THE DATA
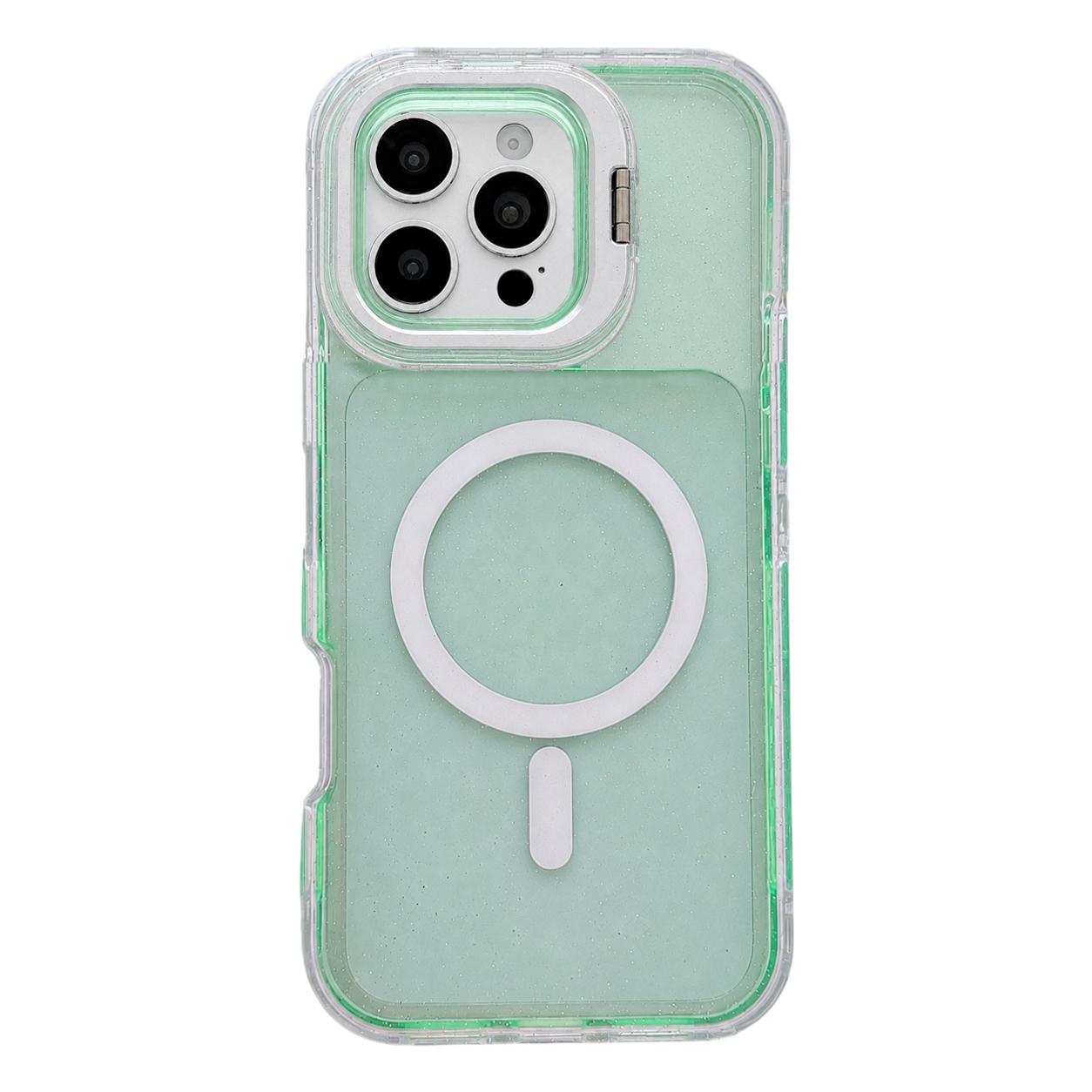 For iPhone 16 Pro Max Crystal Clear Glitter Camera Lens Holder Magnetic Phone Case(Green) - Shopkiz.com
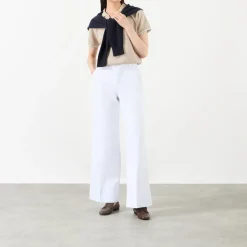 High-Rise Wide Leg Twill Trousers Women Trousers & Shorts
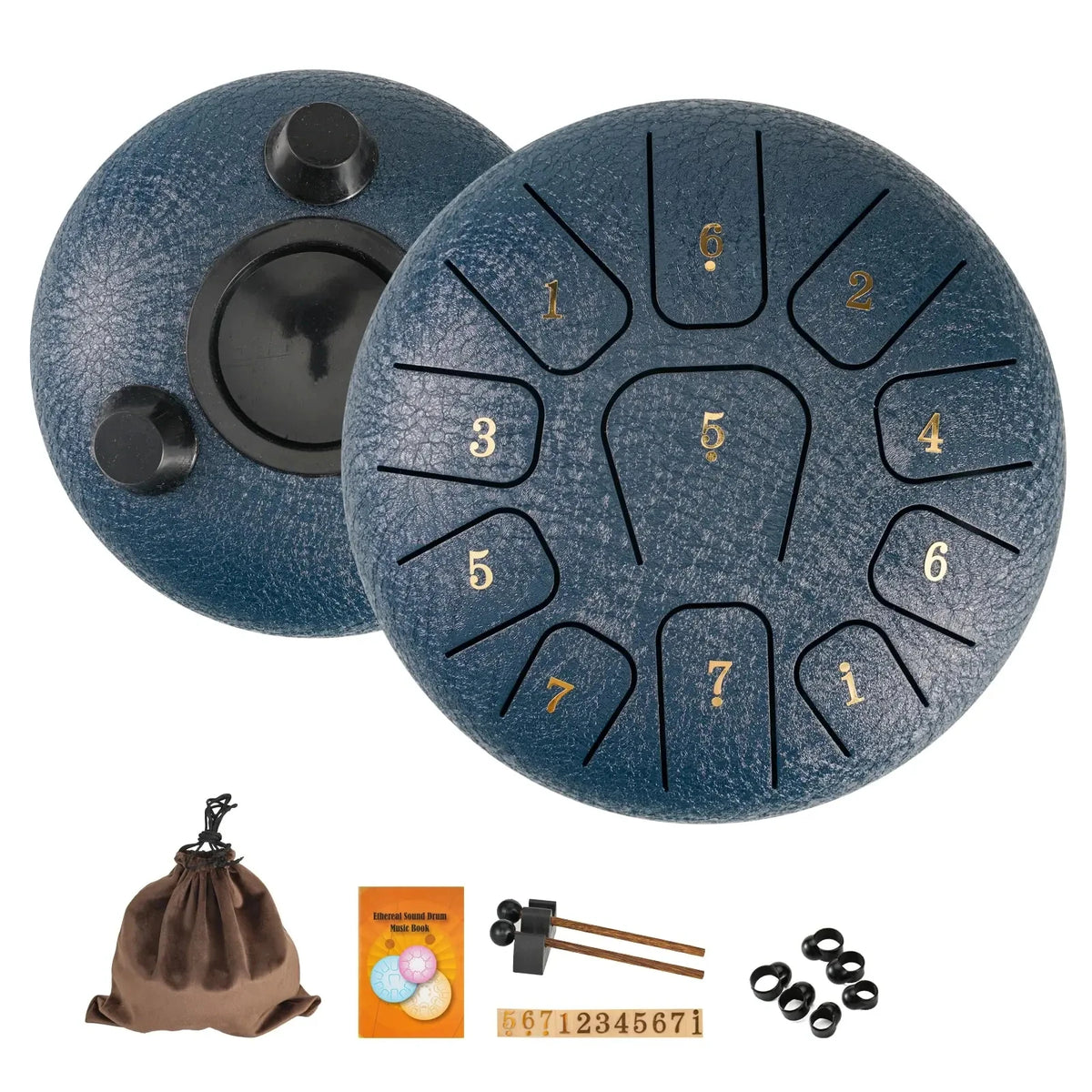 6-Inch Steel Tongue Drum: 11-Note Handpan-Style Drum with Mallets and Carry Bag
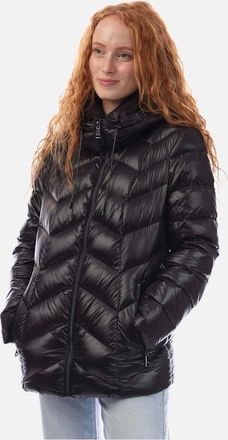 DKNY Womens Zip Front Down Filled Jacket - Black - Size: 18/16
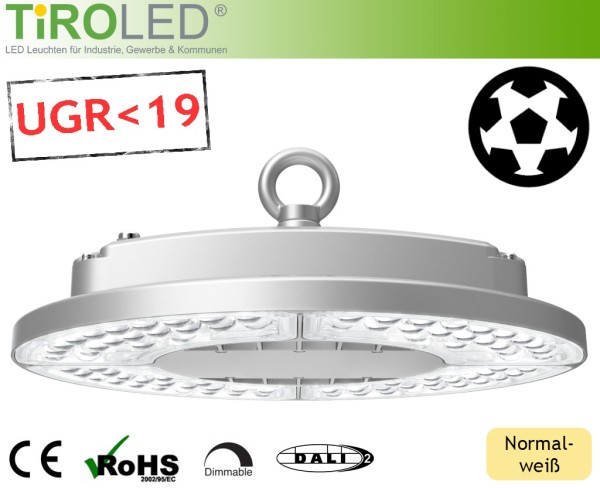 150 Watt LED Hallenleuchte | ballwurfsicher | DALI | UGR19 | 90° Abstrahlwinkel | xxx lm | 4000 K |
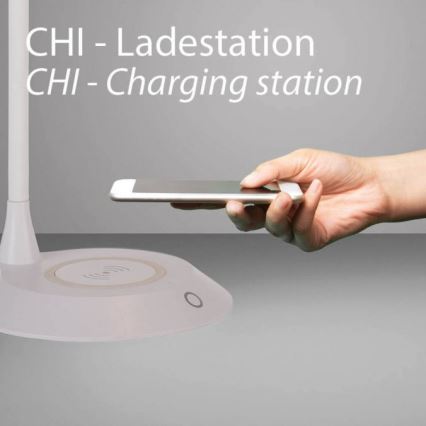 JUST LIGHT. 14414-16 - LED-dimmbare, flexible Tischlampe mit Touch-Bedienung und kabelloser Ladefunktion PUCKI LED/4,5W/230V weiß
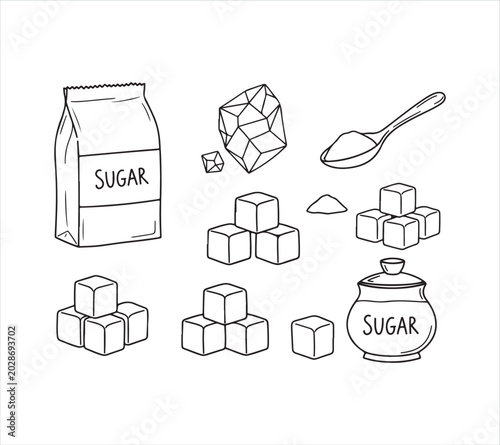 Sugar cubes and bags with spoon on white background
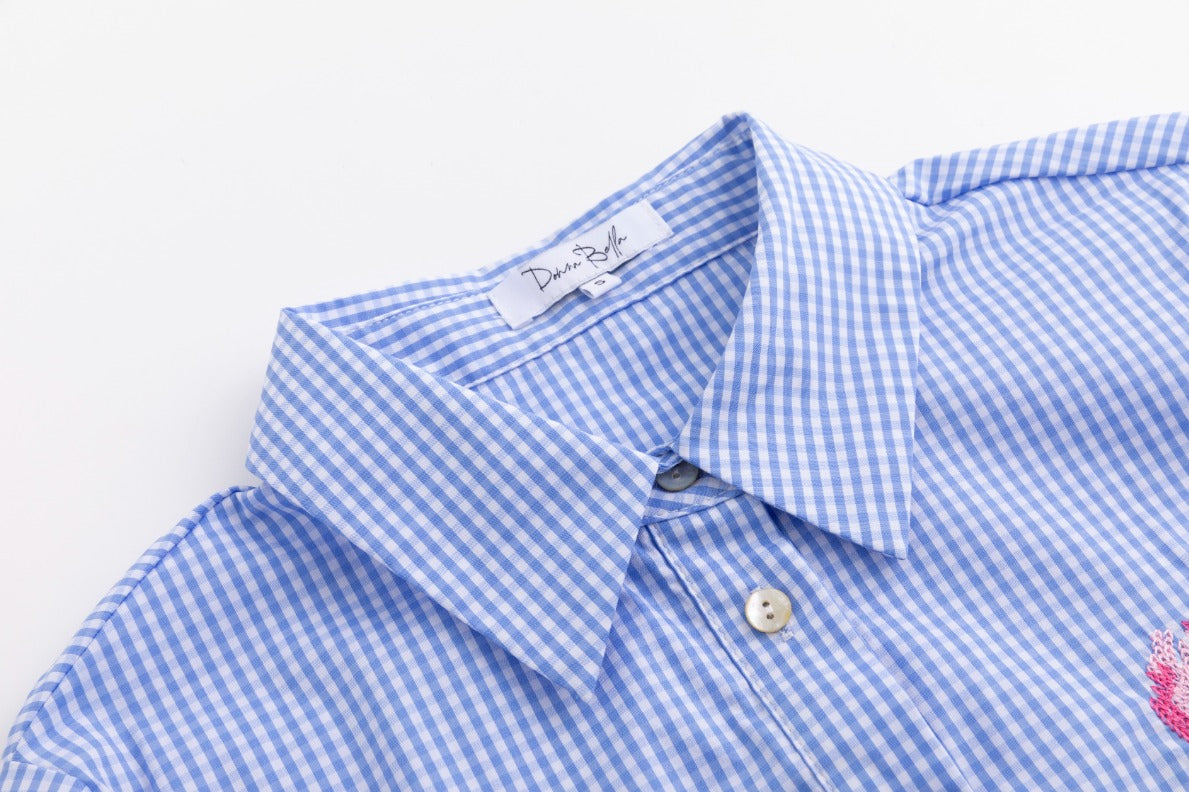 Embroidered Pocket Blue Mini Checkered Shirt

WHAT IS EXPECTED
From the line with "150 Watt LED" through the final line of the records above, return each line exactly and nothing else. Pictures are to be skipped.

ANSWER FOR THE TASK
 150 Watt LED Hallenleuchte | ballwurfsicher | DALI | UGR19 | 90° Abstrahlwinkel | xxx lm | 4000 K |
 JUST LIGHT. 14414-16 - LED-dimmbare, flexible Tischlampe mit Touch-Bedienung und kabelloser Ladefunktion PUCKI LED/4,5W/230V weiß
 Sugar cubes and bags with spoon on white background
 Embroidered Pocket Blue Mini Checkered Shirt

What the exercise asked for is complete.